Nach über 30 Jahren wird die lange geforderte Erinnerungs- und Bildungsstätte zum KZ „Katzbach" und der Zwangsarbeit in Frankfurt Wirklichkeit. Am 25. März wird der „Geschichtsort Adlerwerke: Fabrik, Zwangsarbeit, Konzentrationslager" eröffnet mit einem Festakt im Gallus Theater eingeweiht. Die Veranstaltung wird auf der Website kultur-frankfurt.de/livestream und der Facebook-Fanpage von Frankfurt&Culture ab 18 Uhr per Livestream übertragen. Eine Aufzeichnung kann anschließend unter kultur-frankfurt.de/livestream und über den YouTube-Kanal des Kulturdezernats Frankfurt&Culture abgerufen werden. Informationen zu geplanten Veranstaltungen, dem Team rund um den Geschichtsort und vielem mehr finden sich ab sofort unter geschichtsort-adlerwerke.de. Das Informationsangebot wird kontinuierlich ergänzt und durch Auftritte im Social Web begeitet.

altIn der Ausstellung am Kartentisch von rechts: Kulturdezernentin Dr.Ina Hartwig, Gottfried Kößler (Mit-Kurator Ausstellung), Thomas Altmeyer (Leiter Geschichtsort) Elke Sauter (Vorstand Förderverein) und Gudrun Schmidt (Vorstand Studienkreis) Foto: Ralph Delhees

Das Eröffnungswochenende bietet eine Reihe von Veranstaltungen - Führungen und Gespräche -  für alle Interessierten, so am Samstag, 26. März, von 11 bis 17 Uhr und am Sonntag, 27 März, von 14 bis 17 Uhr.

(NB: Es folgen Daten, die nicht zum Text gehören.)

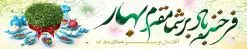 بنر بیلبورد لایه باز تبریک عید نوروز | نمونه طرح لارج فرمت تبریک عید نوروز و سال نو 1401 فرمت psd دانلود طرح لایه باز بنر بیلبورد عید نوروز و تبریک سال نو ۱۴۰۱ طرح بنر بیلبورد تبریک نوروز به صورت افقی مناسب برای پل هوایی با خوشنویسی فرخنده باد بر شما مقدم بهار بنر لاج فرمت نوروز در ابعاد 15 در 3 متر ( قابل نصب روی بیلبورد شهری ) در طرح پوستر لایه باز عید نوروز از تصاویر با کیفیت استفاده شده است هفت سین ، سه بعدی 1401 ، گل بهاری ، شکوفه و متن تبریک سال نو طرح لایه باز بیلبورد عید نوروز و تبریک سال نو ۱۴۰۱ بنر psd سال نو لایه باز فتوشاپ که قابلیت ویرایش و تغییر سایز را داراست. بنر لایه باز بیلبورد عید نوروز دارای کیفیت بسیار در اختیار شما عزیزان قرار میگیرد. همچنین با تغییر در ابعاد طرح بنر نوروز می توان بعنوان کارت پستال تبریک عید نوروز استفاده نمود. عید باستانی نوروز نوروز یکی از کهنترین جشنهای به جا مانده از دوران باستان است که اکنون در مناطق مختلف ایران و کشورهای فارسی زبان آغاز فصل بهار را جشن می گیرند. ابوریحان بیرونی در این باره می گوید : نوروز نخستین روز است از فروردین ماه و از این جهت روزِ نو نام کردند که پیشانی سال نو است. ایرانیان باستان عقیده داشتند، با آمدن نوروز، فروهرها (ریشه کلمه فروردین) یا رواح درگذشتگان به دنیا باز می گردند و اگر خانه را تمیز و بستگان را شاد ببینند خوشحال شده و برای بازماندگان خود دعا میفرستند. در نوروز ایرانیان سفره هفتسین می آرایند هفت سین از مشهورترین مراسم نوروز است. سفره هفت سین هفت سین هفت چیز است که نام آنها با حرف «س» آغاز گردد. معمولاً بین اشیاء ذیل: سیب، سنجد، سماق، سیر، سرکه، سبزه ، سمنو، سکه و … هفت چیز برای هفت سین انتخاب میشود. در سفره هفتسین بهصورت سنتی آینه، کتاب قرآن، شاهنامه یا دیوان حافظ، تنگ آب بههمراه ماهی قرمز یا انار قرار میگیرد. عضو اصلی سفره سبزه است که در کنار شش سین دیگر، هفتسین را تشکیل میدهد. فایل بنر لایه باز عید نوروز , طرح لایه باز تبریک عید و سال نو , بنر psd نوروز , طرح بنر نوروز فایل لایه باز نوروز ,دانلود پلاکارد سال نو مبارک تنگ ماهی, تنگ ماهی PSD, دانلود بنر سال نو, دانلود بنرسال نو, دانلود طرح عید, سبزه عید, سفره نوروز, سفره هفت سین, طرح بنر عید, طرح بنر عید, طرح بنر نوروز, بنر عید و سال نو, گل و شکوفه, ماهی عید,ماهی قرمز PNG, PSD, دانلود, دانلود سفره هفت سین, دانلود سفره هفت سین PNG, دانلود سفره هفت سین آماده, دانلود سفره هفت سین بدون پس زمینه, دانلود سفره هفت سین لایه باز, دانلود عکس سفره هفت سین, دانلود عکس سفره هفت سین با کیفیت, سفره هفت سین PNG, سفره هفت سین لایه باز سفره هفت سین لایه باز, طرح آماده سفره هفت سین, طرح لایه باز عکس, عکس با کیفیت, عکس سفره هفت سین, لایه باز هفت سین, هفت سین PNG, هفت سین PSD, هفت سین لایه باز, هفت سینPNG سفره هفت سین لایه باز و تقویم سال نو , تقویم سال 1401 و طرح بنر تبریک عید نوروز و سال نو , طرح لایه باز بیلبورد عید نوروز ۱۴۰۱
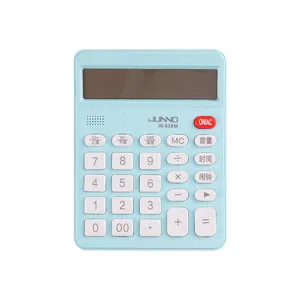 Калькулятор белый texas instruments финансовый двойной мощности базовый калькулятор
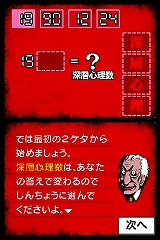 画像ギャラリー No.014のサムネイル画像 / ニンテンドーDSi用ダウンロードコンテンツ“DSiウェア”13タイトルが12月24日に発売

Gleich nach der Eröffnung soll mit der Ansprache der Frankfurter Schulen und Bildungseinrichtungen begonnen werden. Dank der guten Vernetzung des Geschichtsortes in der Stadt und in der Region gibt es bereits zahlreiche Anmeldungen für Führungen und Workshops.